A former deputy national chairman of the PDP, Chief Bode George, in a chat with Daily Trust on Sunday on the widening gulf in the party, said the suggestion by southern leaders for the presidential aspirants of the North to step down would be critically looked into.

George said that as an elder of the party, he was convinced that whatever issue thrown up by zoning in the PDP would be resolved amicably.

He said the PDP was faced with a situation where another party produced the presidency, thereby truncating the party’s zoning formula, which would have ceded the presidency to the North for eight years.

He said, “I have said it as an elder of this party. When we have an internal disagreement, which is normal in politics, we will call the elders to sit with us and we will tell ourselves some serious home truths. You don’t take your family’s dirty linens to the marketplace to be discussed.

“I believe, like I said, that there is a major parameter now in the political equation of the PDP, which relates to zoning; the parameter we never thought about, and that is the fact that another party produced the presidency, and now, it has happened in the North; in future, it may happen in the South. So it is a new parameter, a paradigm shift. We need to sit down and discuss the pros and cons.

“At my level, the suggestion that they should step down will also be put into the equation. We will solve it amicably. We can disagree, but we must not be disagreeable. So we will get back, call a meeting and resolve the crisis.

“We have heard them. When we put it into the political equation we will resolve it. We have listened to them, but we will go back, maybe we will find a mid-course.

“We respect them and their voices. We will weigh all the options.

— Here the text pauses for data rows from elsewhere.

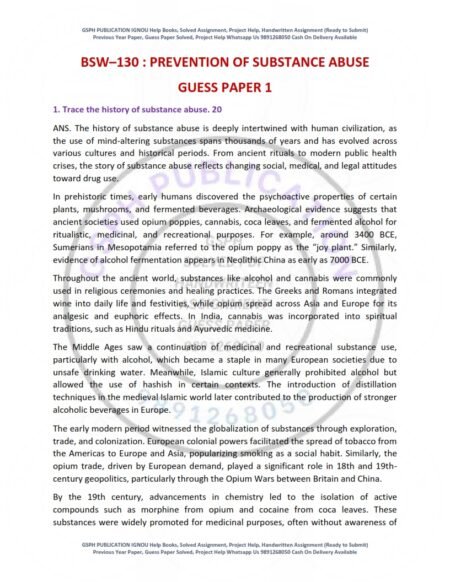 IGNOU BSW-130 Guess Paper Solved English Medium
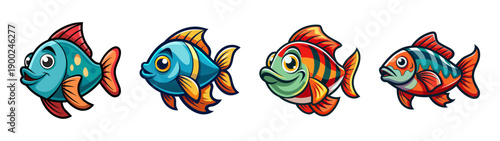 Cartoon style A colorful illustration of four cartoon fish swimming in a row on a transparent background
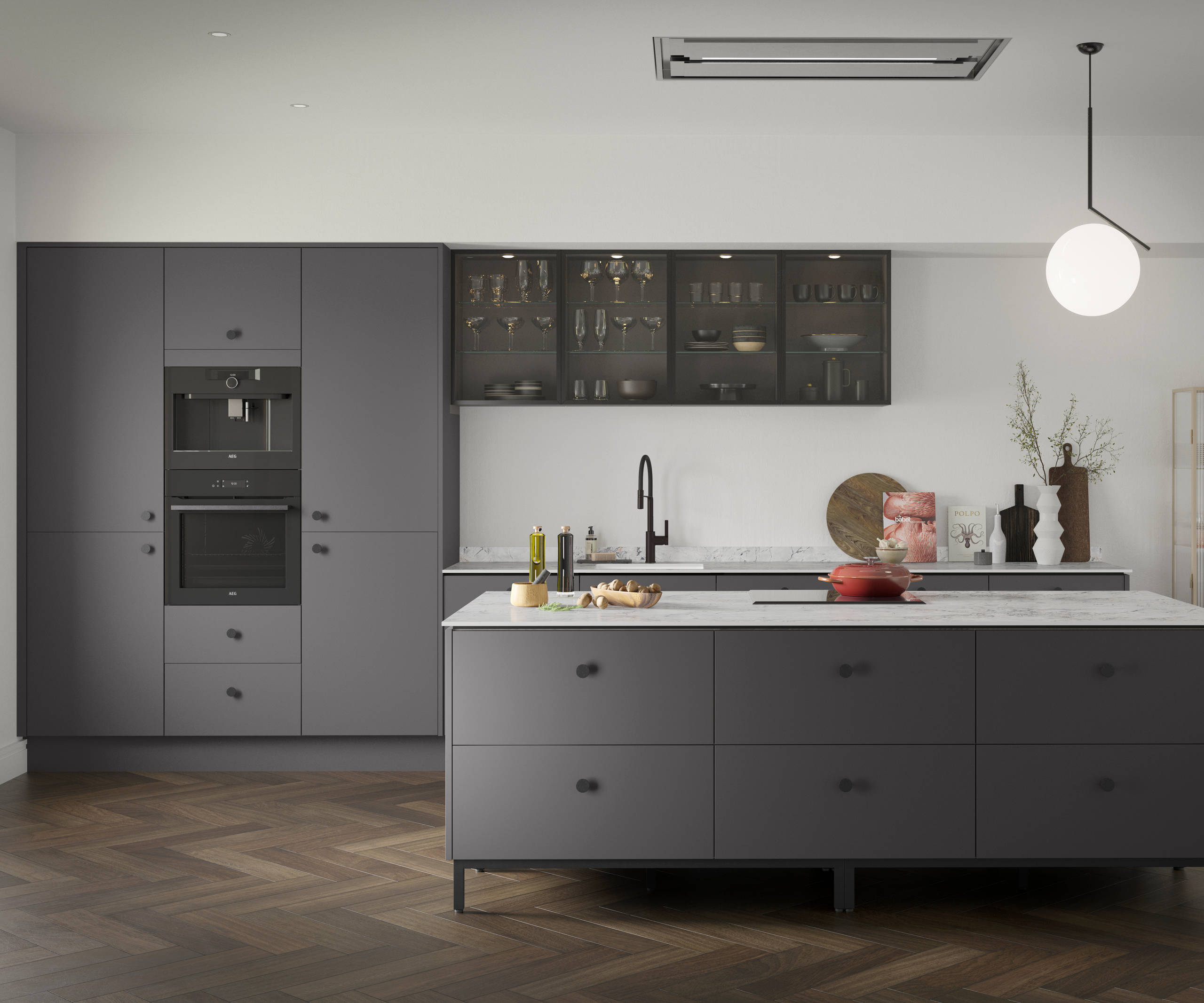 Soho Charcoals kitchen, a premium painted slab door from Magnet, with fluted glass Nordic Nature wall cabinets.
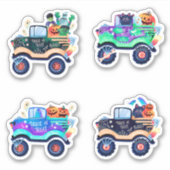 Spooky Monster Trucks Halloween Sticker (Voorkant)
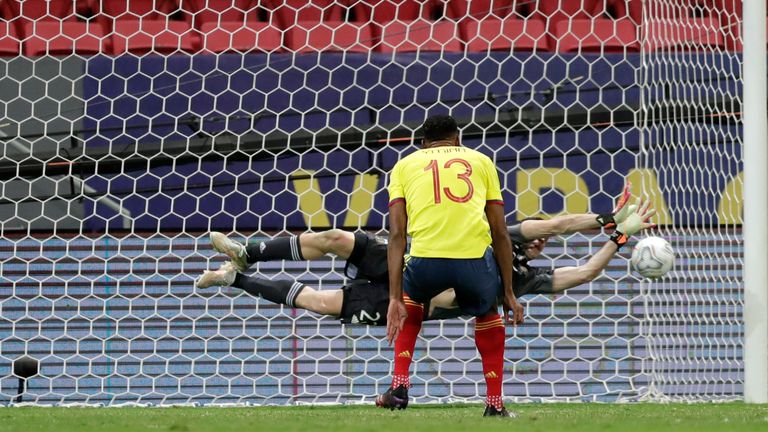 Yerry Mina has his penalty saved by Emiliano Martinez in Colombia's penalty shootout defeat to Argentina at the 2021 Copa America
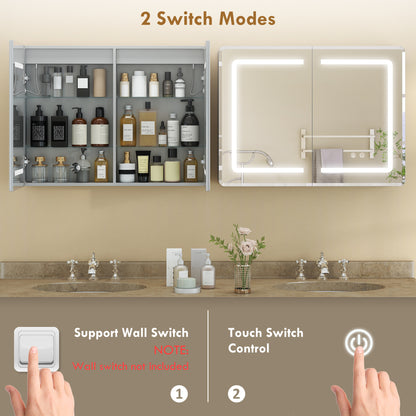 60 x 80 cm LED Bathroom Mirror Cabinet with Double-Sided Mirrors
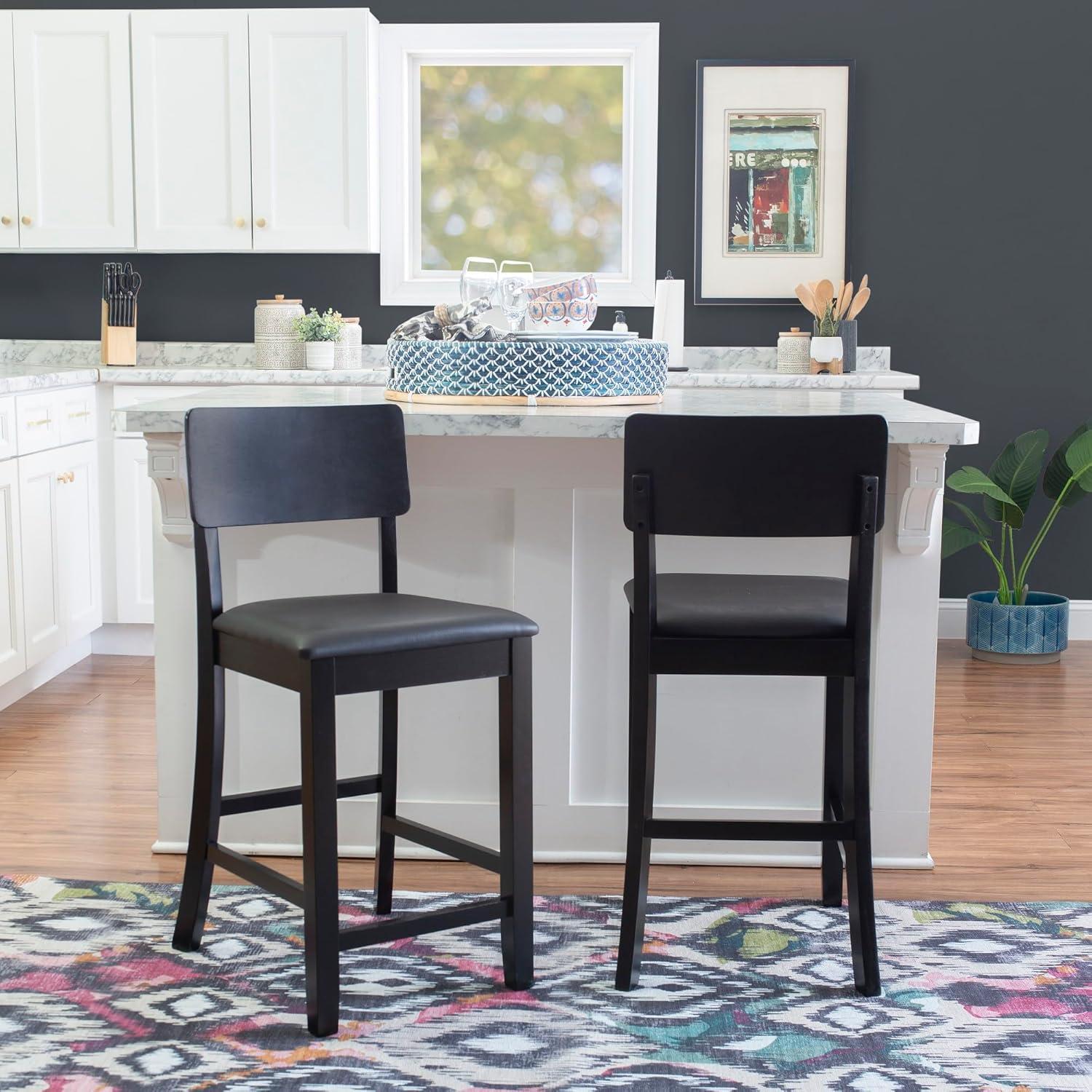 Elegant 24" Black and Cherry Wood Counter Stool with Dark Brown Faux Leather Seat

We will be for or against in the interest of the country, the party and everybody.”

 Zoning stifles merit but can’t be jettisoned easily – Dons  

Lending voices to the debate, some university dons said zoning stifled merit but it cannot be jettisoned easily due to the peculiarity of the country.

In his response, a political scientist, Dr Mohammed Idris Danjuma of the Kwara State University, Malete, said PDP leaders may have to come to a consensus over the issue.

According to him, for democracy to run appropriately, the will of the people in the majority must prevail.

“On this issue, although it is not constitutional, looking at parity and equity, the three major groups in the country, Hausa, Yoruba and Igbo (in the PDP) should come together if we want the country to survive as one.

“Both groups will just have to dialogue and come to a consensus over it,” he said.

On his part, Dr Isiaq Atanda Abdulwaheed, a political scientist from the University of Ilorin, said that while the constitution allows all of them to contest at any particular time, the popular opinion now is for the president to go to the South.

“They all have the right to contest as there is no issue of zoning in the constitution; it is only a gentleman’s agreement. However, the dominant narrative now is for the seat to go to the South after the tenure of President Buhari.  Anything contrary to that might not augur well for the country.  However, zoning arrangement stifles merit; that is where we are,” he said.

He said it was people like Atiku and other northern aspirants that are promoting the narrative that the South has had it more.

“Such statement is only sentimental and is being promoted to rationalise and legitimise their ambitions to contest the seat, given their ages and other factors,” he said.